The number of malicious open source software packages discovered in 2025 jumped dramatically, with detections rising by about 73% compared with 2024, cybersecurity analysts say, underscoring a worsening threat landscape for developers and enterprise software supply chains.
According to the latest ReversingLabs Software Supply Chain Security Report, more than 10,000 malicious open source packages were identified last year, most of which involved node package manager (npm) repositories that cybercriminals are exploiting to spread malware and infiltrate software ecosystems at scale.
The research highlights a growing trend in which attackers weaponize trusted development tools and repositories to install backdoors, steal developer credentials, or compromise downstream applications — turning the very building blocks of software into delivery mechanisms for malware.
Why Open Source Malware Rings All the Bells
Open source software underpins much of modern software development: from mobile apps to cloud infrastructure. Repositories such as npm, PyPI, NuGet, and Maven Central host millions of packages downloaded by developers worldwide. A dramatic increase in malicious packages therefore has broad implications for the software supply chain and global cybersecurity.
In 2025 alone, npm accounted for about 90% of open source malware activity, according to ReversingLabs. One campaign, known as Shai-Hulud, compromised more than 1,000 npm packages and exposed an estimated 25,000 GitHub repositories, showing how a single infiltration can propagate widely through ecosystems.
The report says:
The biggest sources of the secrets leaked are Google, Amazon Web Services (AWS), Slack, and Telegram, with the Google Cloud platform being the largest source for 23% of the more than 39,000 secrets detected on npm and 14% of the nearly 9,300 secrets detected on PyPI. AWS accounted for 145, while the majority of exposed developer secrets are traced back to less well-known applications that together accounted for around two-thirds of leaked secrets detected on both npm and PyPI. Conversely, applications such as Discord, GitHub, and Slack saw a roughly 50% drop in secrets detected year-over-year.

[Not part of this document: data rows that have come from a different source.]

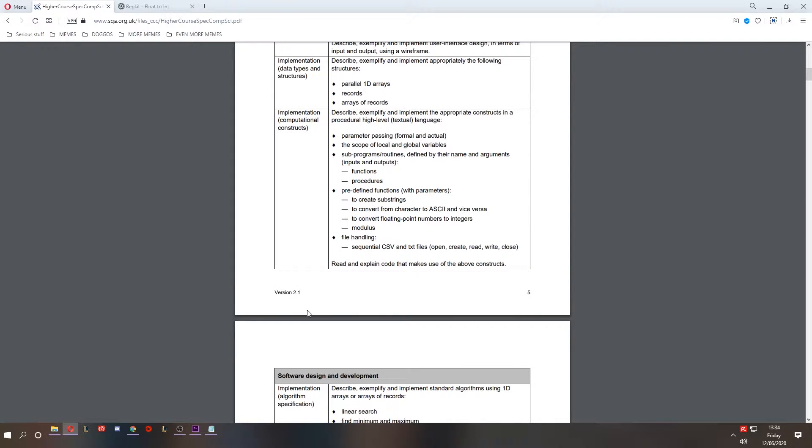Hello and welcome to lesson 12 of software design and development for higher computing science. Today we are going to convert floating point numbers to integers.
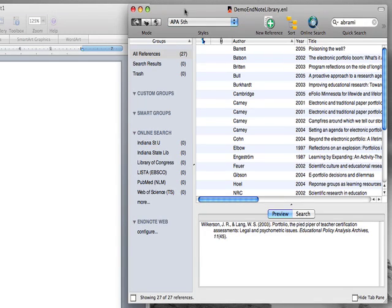Hello. In this screencast, I'm going to show you how to prepare an annotated bibliography using EndNote. It's really surprisingly simple.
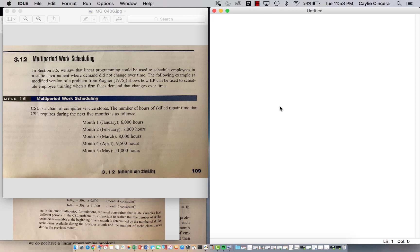Hey guys, I'm back with a multi-period work scheduling problem in Python and I'm excited to do this one because I don't think I've done a multi-period problem yet.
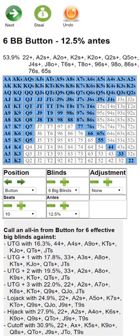Hello everyone, this is Jonathan Little, and today I'm going to share with you a new feature of the Float the Turn Push Fold app. You can get it at jonathanlittlepoker.com/app, or go to floattheturn.com and navigate to the tool section. It is also available on the iTunes and Android app store so you can have it on your phone.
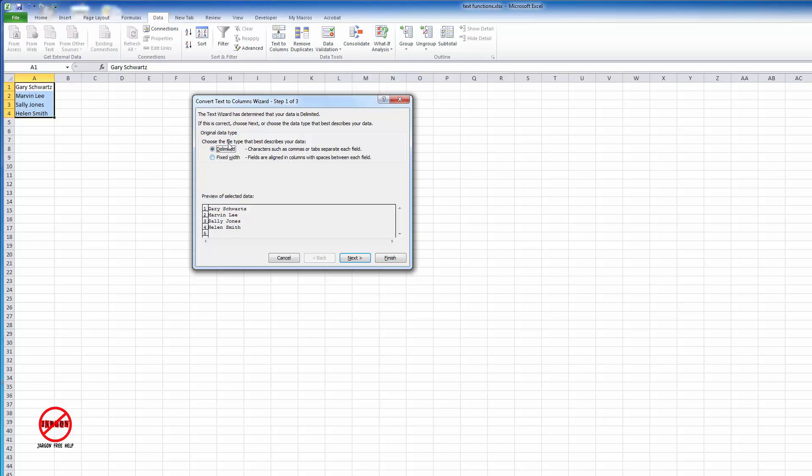The two options I've got here are delimited or fixed width. Delimited means it has a space, comma, tab, or something like that indicating where the data changes - what separates each of the fields. Fixed width is if it took up exactly the same space, like if every name started with five letters. Delimited is very common to use. We're going to use that, and I'm going to click next.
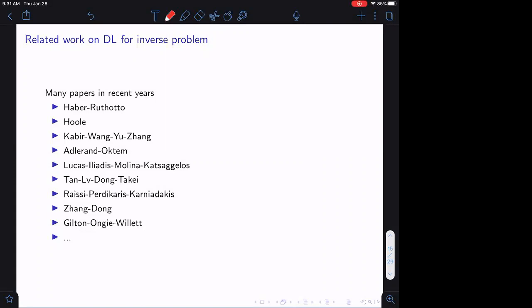There is a lot of work using deep learning to address problems in inverse problems — a growing field. Deep neural networks are quite natural tools to represent the nonlinear inverse map, which is what makes this a natural application area.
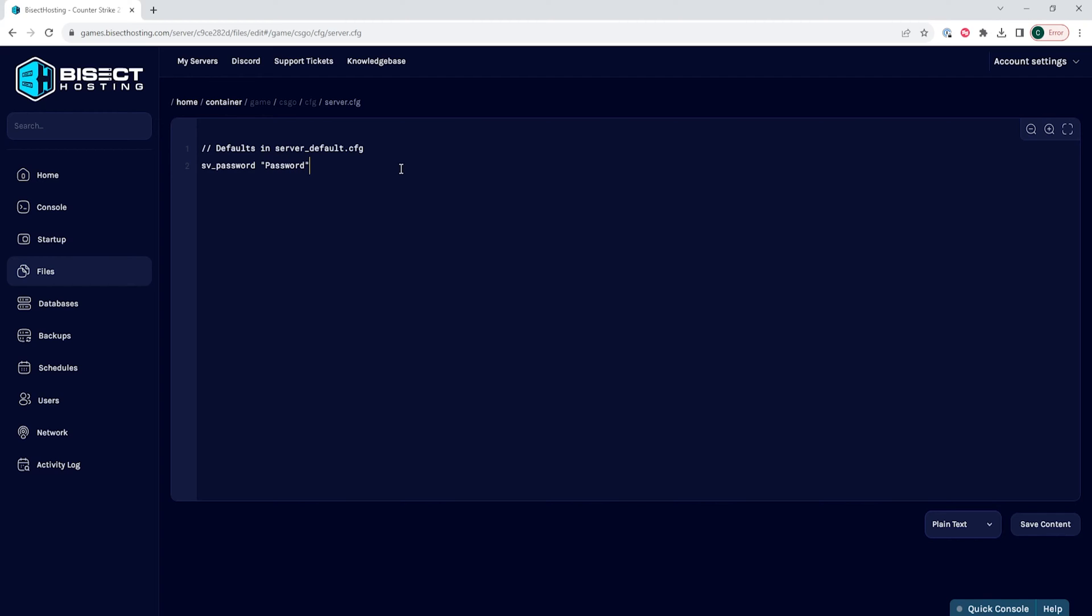This will just be used for the example, but for the password you want for your server, it needs to be a secure password that you can share with friends easily, but others can't easily guess.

Simultaneously, incidents of exposed developer secrets, such as API keys, database credentials, and cloud platform tokens, rose by roughly 11%, mainly on npm and Python Package Index (PyPI) repositories.
Patterns and Wider Trends
Several security researchers and industry reports highlight that 2025 was marked by broader acceleration in open source threats:
- Sonatype’s 2026 State of the Software Supply Chain report found open source malware has surged even further, with over 1.23 million malicious packages in circulation and downloads of open source components topping 9.8 trillion worldwide, illustrating how attackers are leveraging high demand to distribute malicious code.
- Sonatype also notes that AI-assisted software recommendations have introduced new risk, as generative AI tools sometimes suggest insecure or malicious components without contextual safety checks.
- Independent researchers documented spikes in open source malware related to data exfiltration and persistent access tactics, reinforcing the narrative that cybercriminals continue to refine their approaches.
This convergence of volume, sophistication, and delivery scale illustrates why open source malware is no longer a marginal issue but a systemic risk facing the broader software ecosystem.
The Supply Chain Trust Crisis
Security experts warn that this surge signals a deeper trust crisis in software supply chains, where developers and organizations increasingly rely on third-party code without adequate vetting or security safeguards.
“Malicious actors are now focusing their efforts on widely used open source projects through which malware can be injected into thousands of downstream applications,” said Tomislav Pericin, chief software architect at ReversingLabs.
He added that many organizations still underestimate the severity of the threat, often choosing convenience over rigorous security scrutiny when adopting open source components.
What Developers and Organizations Should Do
To counter the expanding threat, security professionals recommend:
- Refreshing supply chain security practices to include automated malware scanning and stricter dependency vetting.
- Implementing continuous monitoring across code repositories and CI/CD pipelines.
- Enforcing secrets management and rotate exposed credentials to close risk windows.
- Prioritizing package provenance verification before integration.
As attackers refine the use of stealthy, registry-native worms and AI-assisted malware dissemination, defenders say the software industry must adopt proactive defenses rather than reactive responses.